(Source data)
<<<<

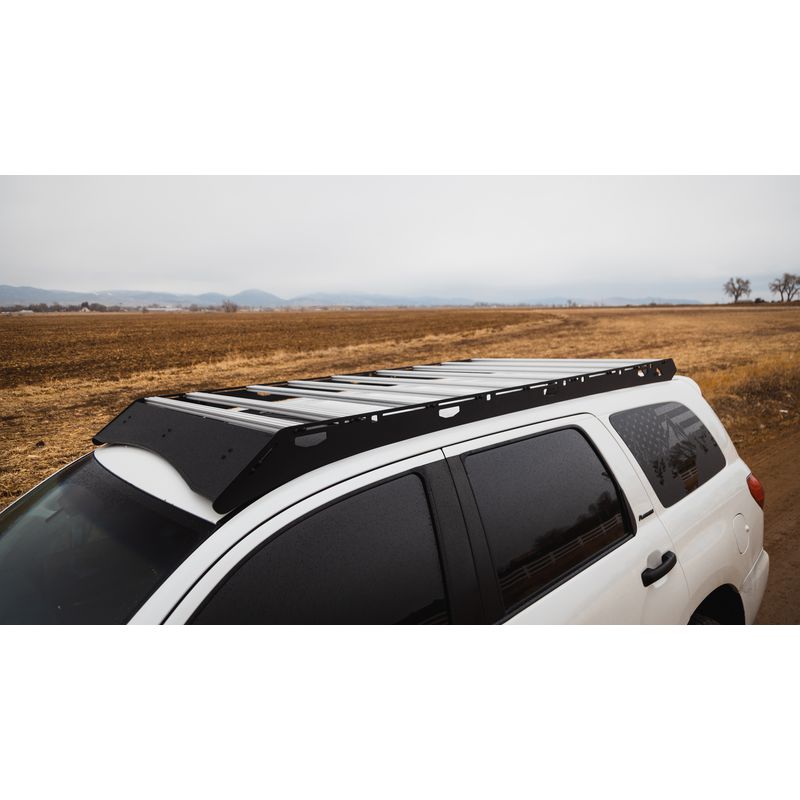 sherpa-harvard-roof-rack-for-2008-2022-toyota-sequoia-front-corner-view-with-fairing-in-nature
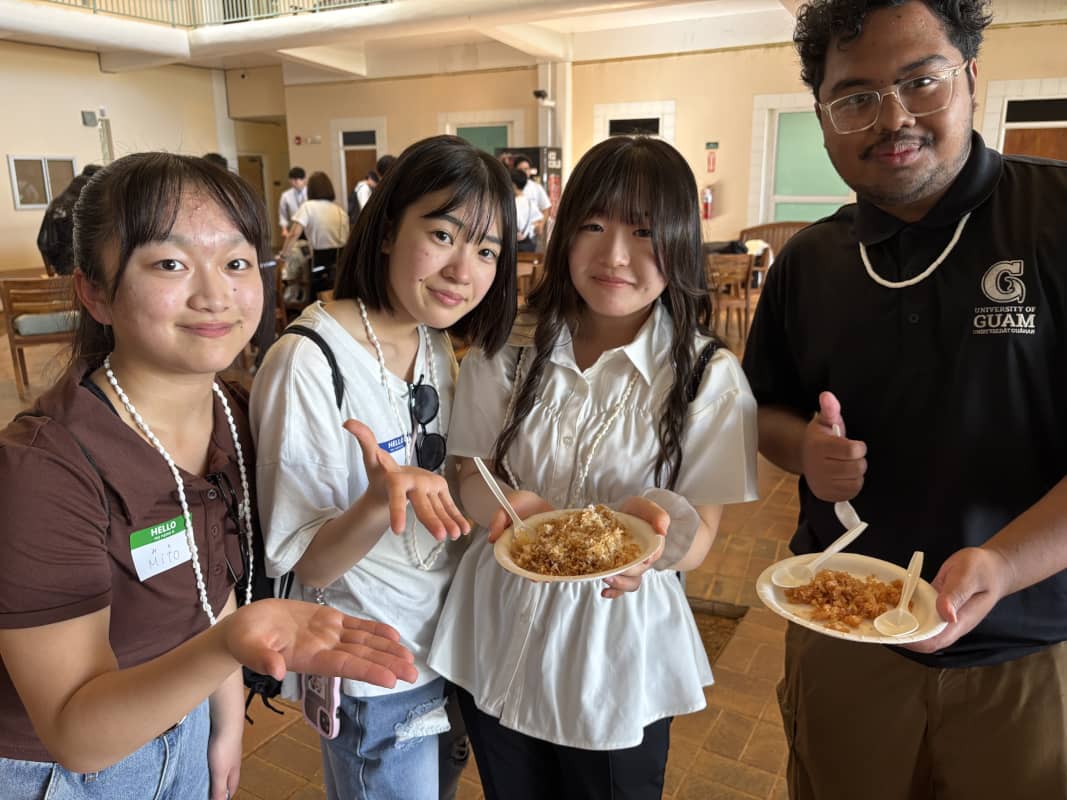 Iwata Higashi High School students posing with coconut candy
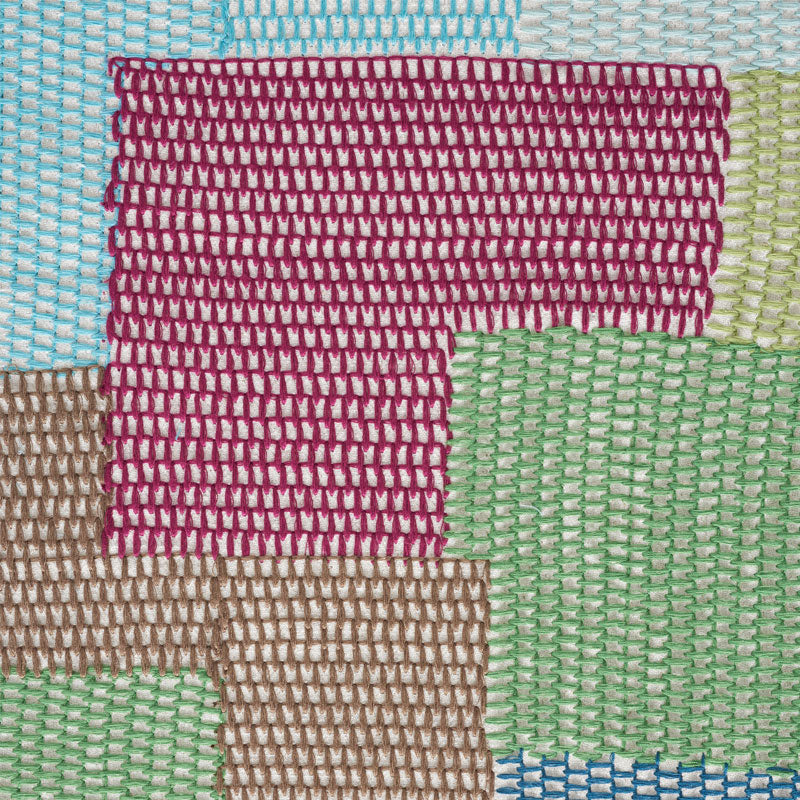 Embroidered patchwork textile with multicolor rectangular blocks in blue, green, pink, brown and cream.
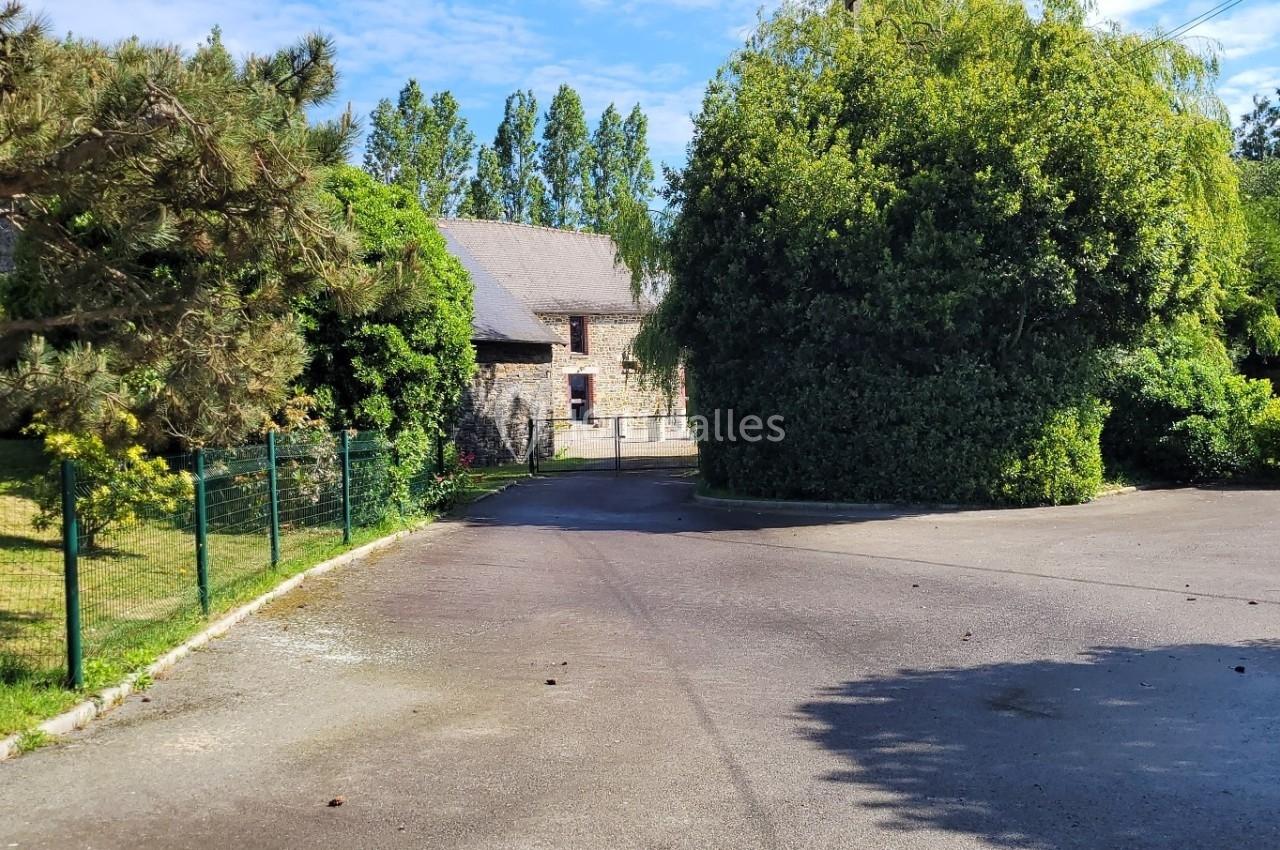 Entrée d'un domaine avec allée asphaltée, bâtiments en pierre, arbres et panneaux indiquant le parking et la réception.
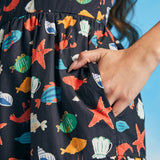 Close-up of side pocket on navy seaside novelty print fit-and-flare dress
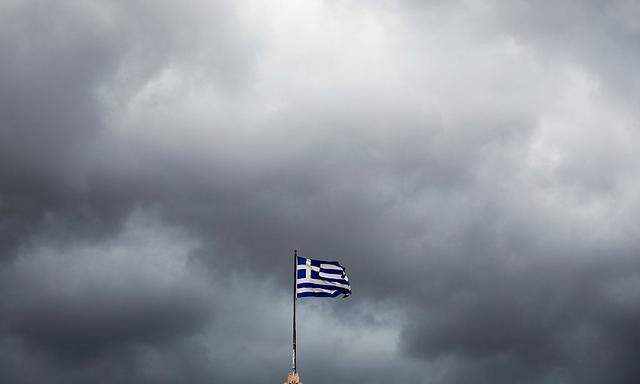 A Greek national flag flutters atop the Athens' University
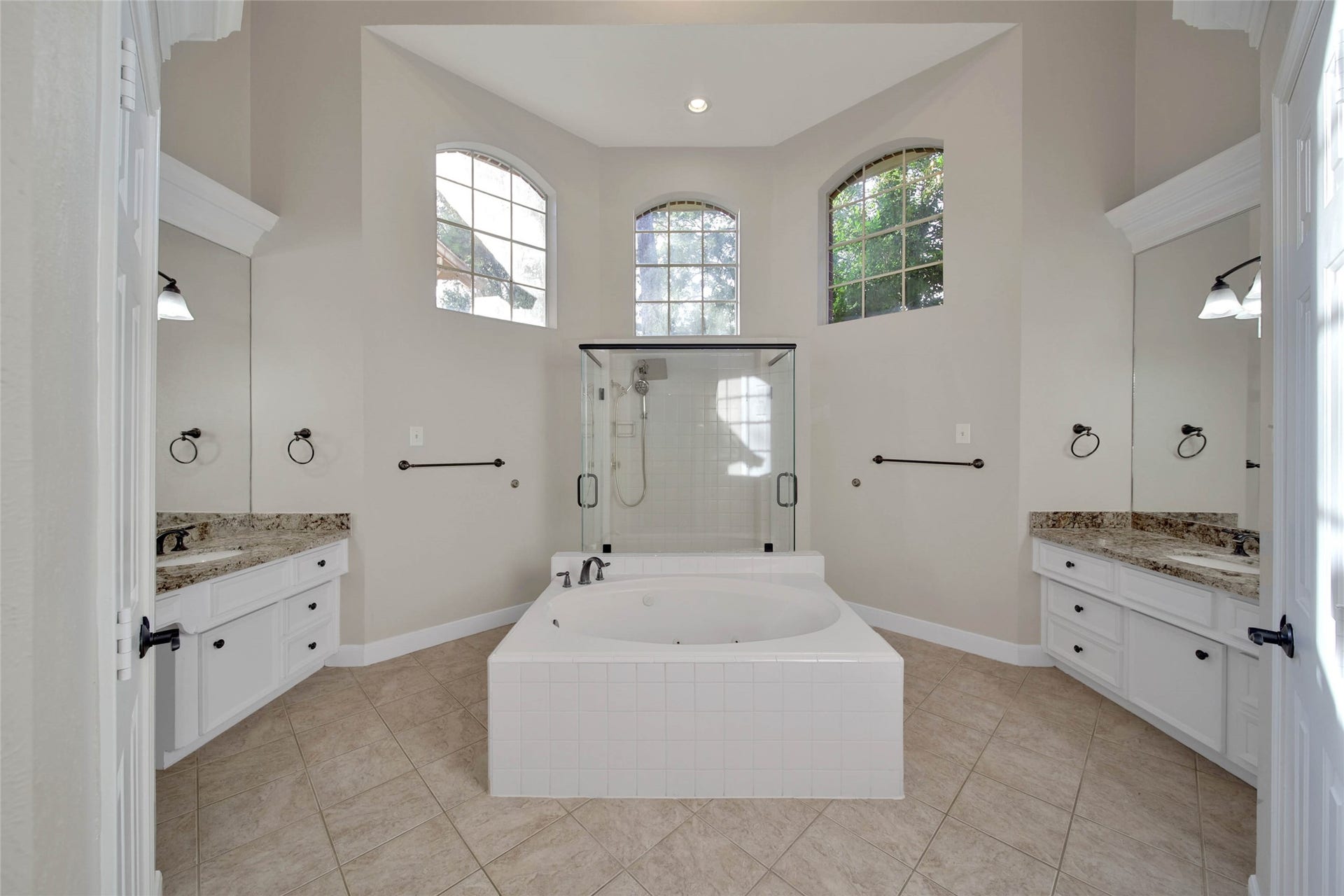 5814 Woodland Creek Drive, Kingwood, TX 77345 Separate whirlpool tub huge oversize shower with two doors, high ceilings and bright windows up high, separate vanities and lots of storage make this a fabulous bathroom.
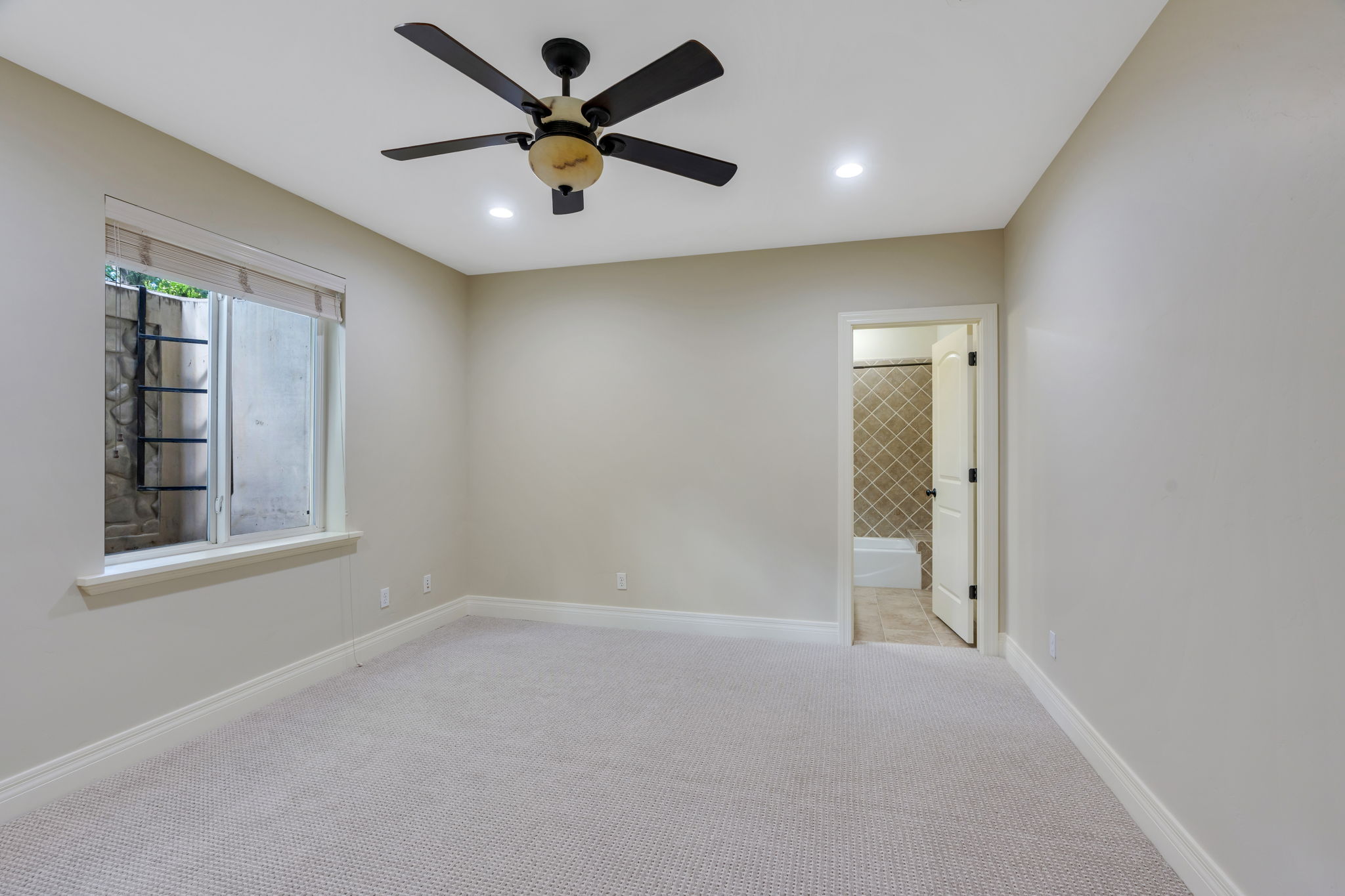 One of two bedrooms in basement featuring  ceiling fans with integrated lighting, recessed ceiling lights, a window with a stone-lined window well, and an ensuite bathroom with tiled shower and flooring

>>>>

What you should do
The records above need to be restated word for word, with the pictures left out.

Response to this exercise
 sherpa-harvard-roof-rack-for-2008-2022-toyota-sequoia-front-corner-view-with-fairing-in-nature
 Iwata Higashi High School students posing with coconut candy
 Embroidered patchwork textile with multicolor rectangular blocks in blue, green, pink, brown and cream.
 Entrée d'un domaine avec allée asphaltée, bâtiments en pierre, arbres et panneaux indiquant le parking et la réception.
 Close-up of side pocket on navy seaside novelty print fit-and-flare dress
 A Greek national flag flutters atop the Athens' University
 5814 Woodland Creek Drive, Kingwood, TX 77345 Separate whirlpool tub huge oversize shower with two doors, high ceilings and bright windows up high, separate vanities and lots of storage make this a fabulous bathroom.
 One of two bedrooms in basement featuring  ceiling fans with integrated lighting, recessed ceiling lights, a window with a stone-lined window well, and an ensuite bathroom with tiled shower and flooring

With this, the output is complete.